简体   繁体   English

如何从 tf.keras.preprocessing.image_dataset_from_directory() 探索和修改创建的数据集?

[英]How can I explore and modify the created dataset from tf.keras.preprocessing.image_dataset_from_directory()?

Here's how I used the function:以下是我如何使用该功能:

dataset = tf.keras.preprocessing.image_dataset_from_directory(
    main_directory,
    labels='inferred',
    image_size=(299, 299),
    validation_split=0.1,
    subset='training',
    seed=123
)

I'd like to explore the created dataset much like in this example , particularly the part where it was converted to a pandas dataframe.我想像在这个例子中一样探索创建的数据集,特别是它被转换为pandas数据帧的部分。 But my minimum goal is to check the labels and the number of files attached to it, just to check if, indeed, it created the dataset as expected (sub-directory being the corresponding label of images inside it).但我的最低目标是检查标签和附加到它的文件数量,只是为了检查它是否确实按预期创建了数据集(子目录是其中图像的相应标签)。

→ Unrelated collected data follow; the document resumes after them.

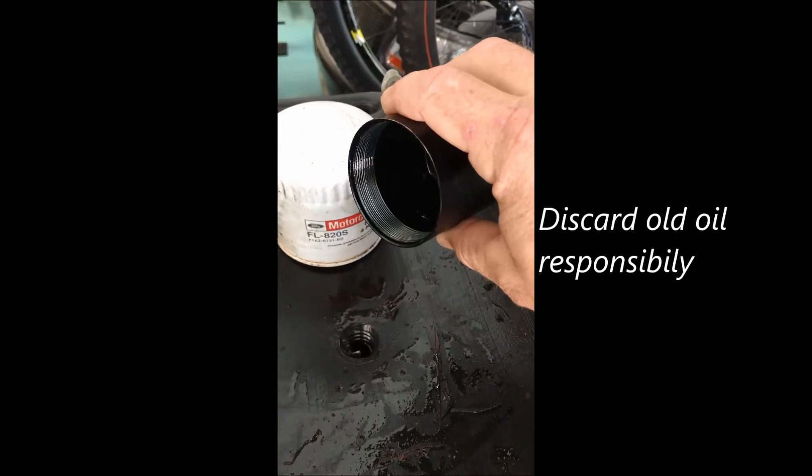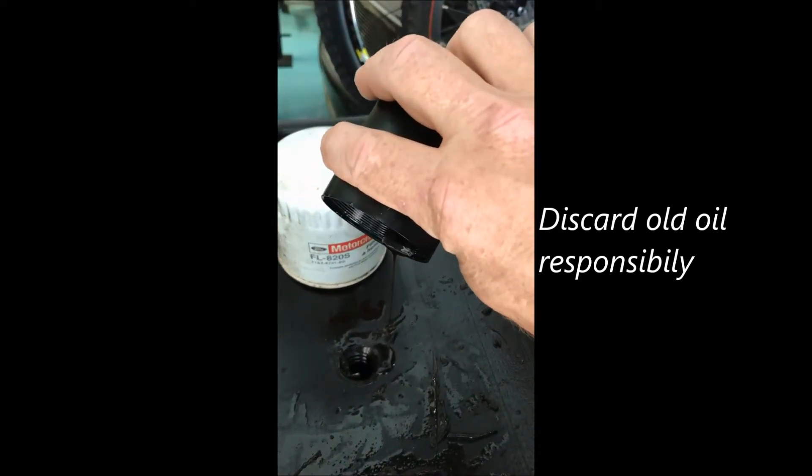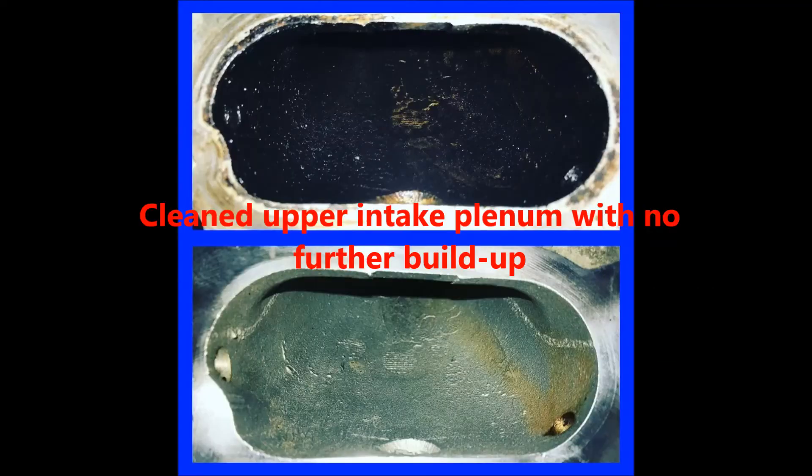This is 200 miles worth of PCV oil on the 2002 F-150. As you can see, there is some benefit after just a few hundred miles — I did collect some oil, and the visualization of the intake shows that there's a lot of oil buildup and carbon buildup.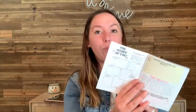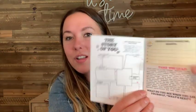Brand spanking new magazine — not only is there an online one, but there's a physical one too. This is for you to go through, take notes — it's interactive. That's really cool. And then last but not least, we got an adulting to-do list book.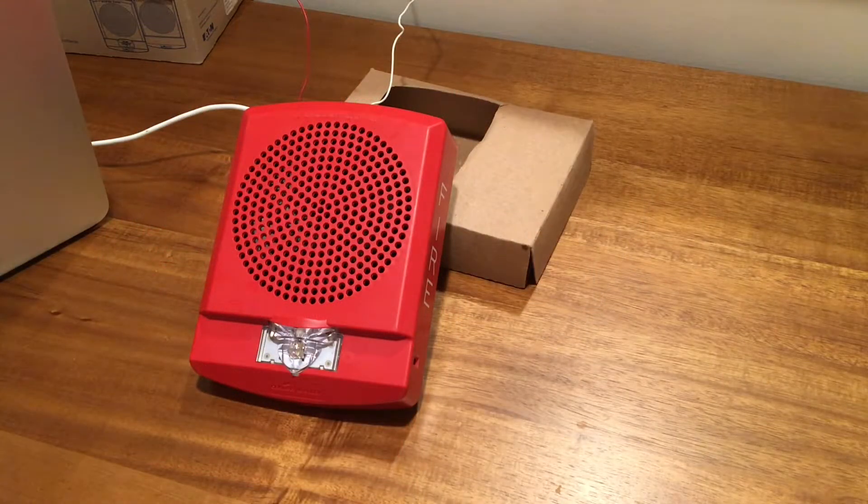Alright everyone, that will wrap up for today's video. I'm very excited to show this really cool device to you all, and other applications such as with the security system — I'll try to figure out if I can rig it up to the system and see if it will play some really cool sounds. With that being said, I will see you guys later and have a great day. Hope you enjoyed the video. Bye bye now!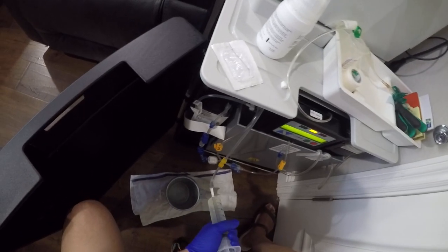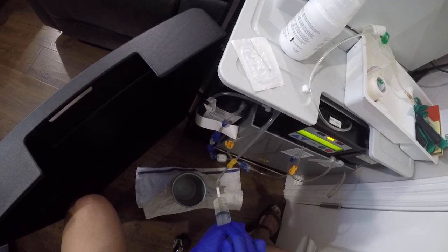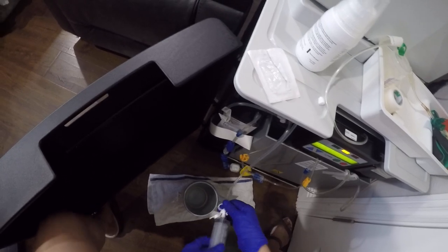This is similar to when you travel — you use the drain line that runs to the toilet manually.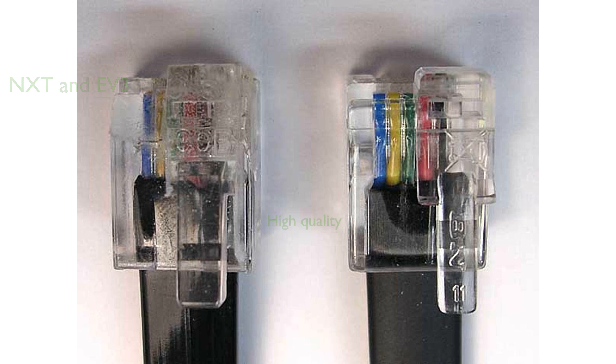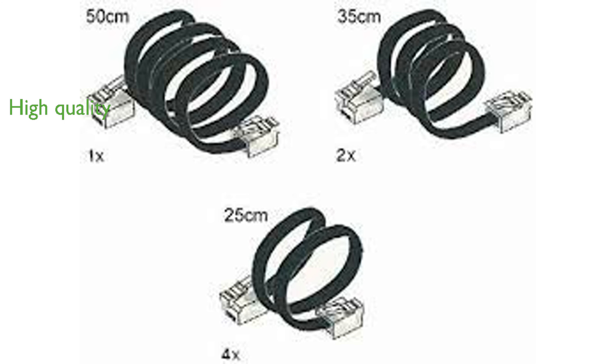The product is genuine LEGO, guaranteeing high quality and durability. Presented in a poly bag, it is convenient for storage and organization. This cable pack is a must-have for any serious LEGO Mindstorms enthusiast.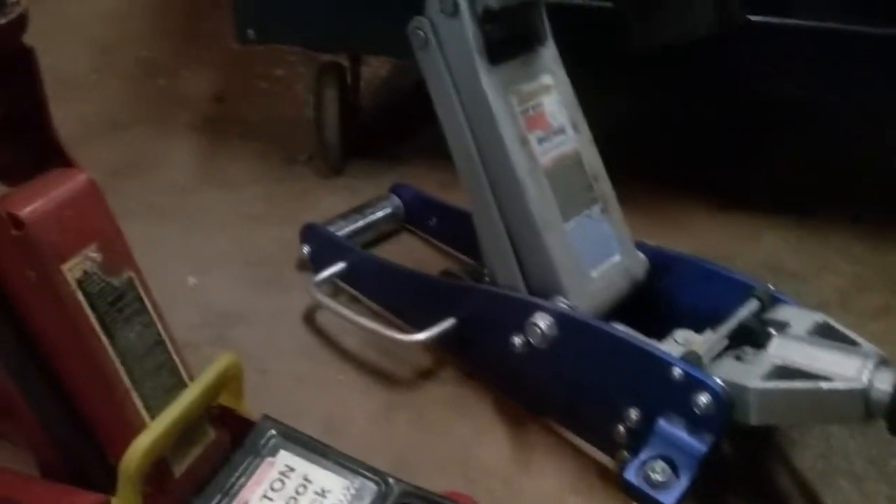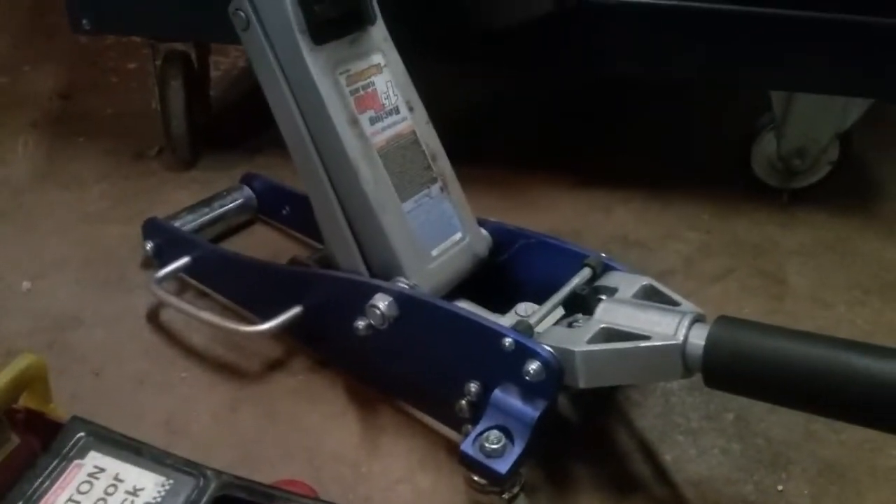The other one I have, which I bought later, is this one-and-a-half-ton aluminum jack. It has a bigger saddle and weighs less, but it is aluminum. The strange thing about this jack is that the little one actually lifts higher than this one.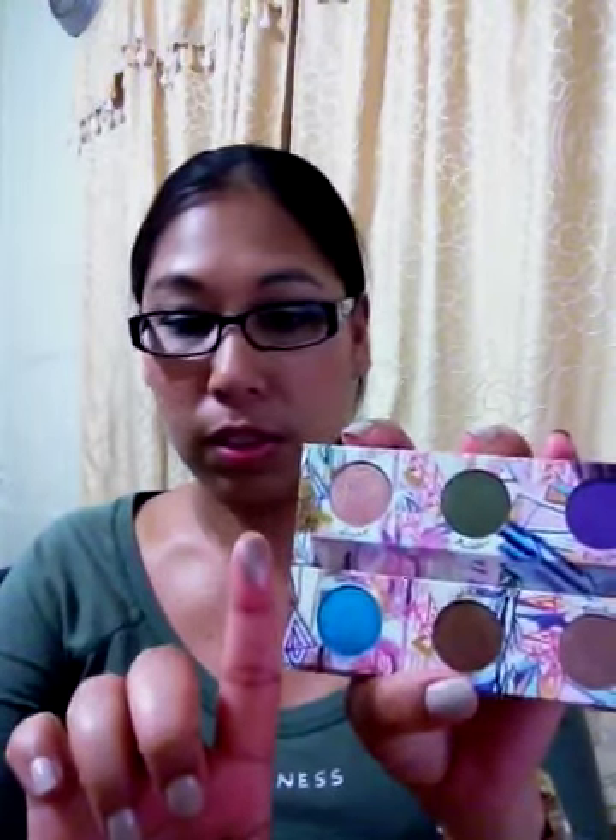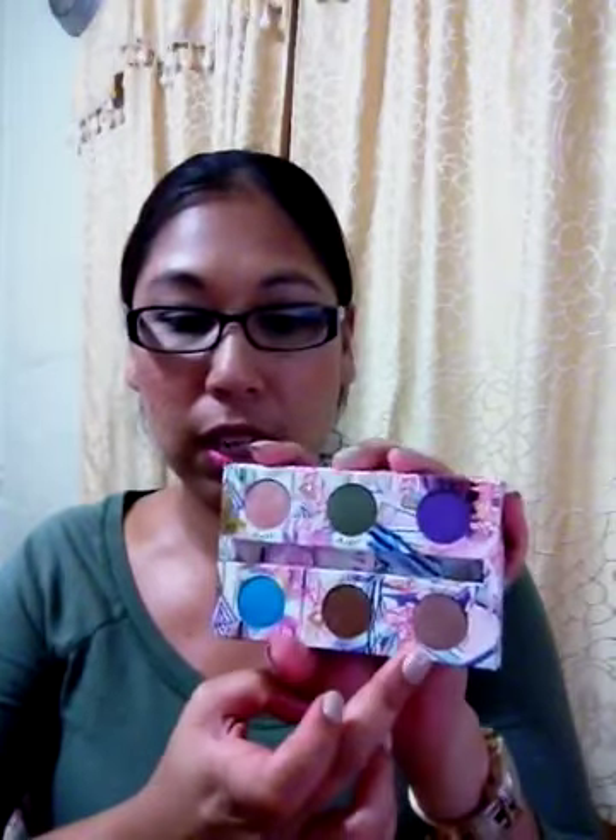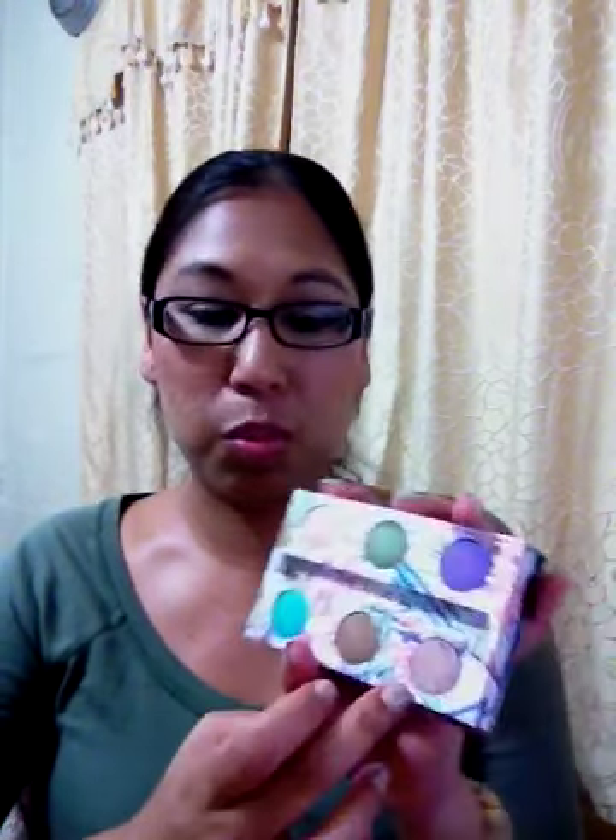Toasted is the last color and it's also a brown, but this one is more taupey — actually it could be described as a golden brown. Toasted is a brown with maybe a little silver, and a lot of people say it's more of a taupey brown. It's also a frost finish.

To be clear, the main_directory is set up like this:需要明确的是, main_directory是这样设置的:

main_directory
- class_a
  - 000.jpg
  - ...
- class_b
  - 100.jpg
  - ...

And I'd like to see the dataset display its info with something like this:我希望看到数据集以如下方式显示其信息:

label     number of images
class_a   100
class_b   100

Additionally, is it possible to remove labels and corresponding images in a dataset?此外,是否可以删除数据集中的标签和相应的图像? The idea is to drop them if the corresponding number of images is less than a certain number, or a different metric.这个想法是如果相应的图像数量小于某个数量或不同的度量标准,则删除它们。 It can be of course done outside this function through other means, but I'd like to know if it is indeed possible, and if so, how.它当然可以通过其他方式在这个函数之外完成,但我想知道它是否确实可能,如果是,如何。

EDIT: For additional context, the end goal of all of this is to train a pre-trained model like this with local images divided into folders named after their classes.编辑:对于额外的上下文,所有这些的最终目标是训练一个像这样的预训练模型,将本地图像划分为以类别命名的文件夹。 If there is a better way that includes not using that function and meets this end goal, it's welcome all the same.如果有更好的方法,包括不使用该功能并满足此最终目标,则同样欢迎。 Thanks!谢谢!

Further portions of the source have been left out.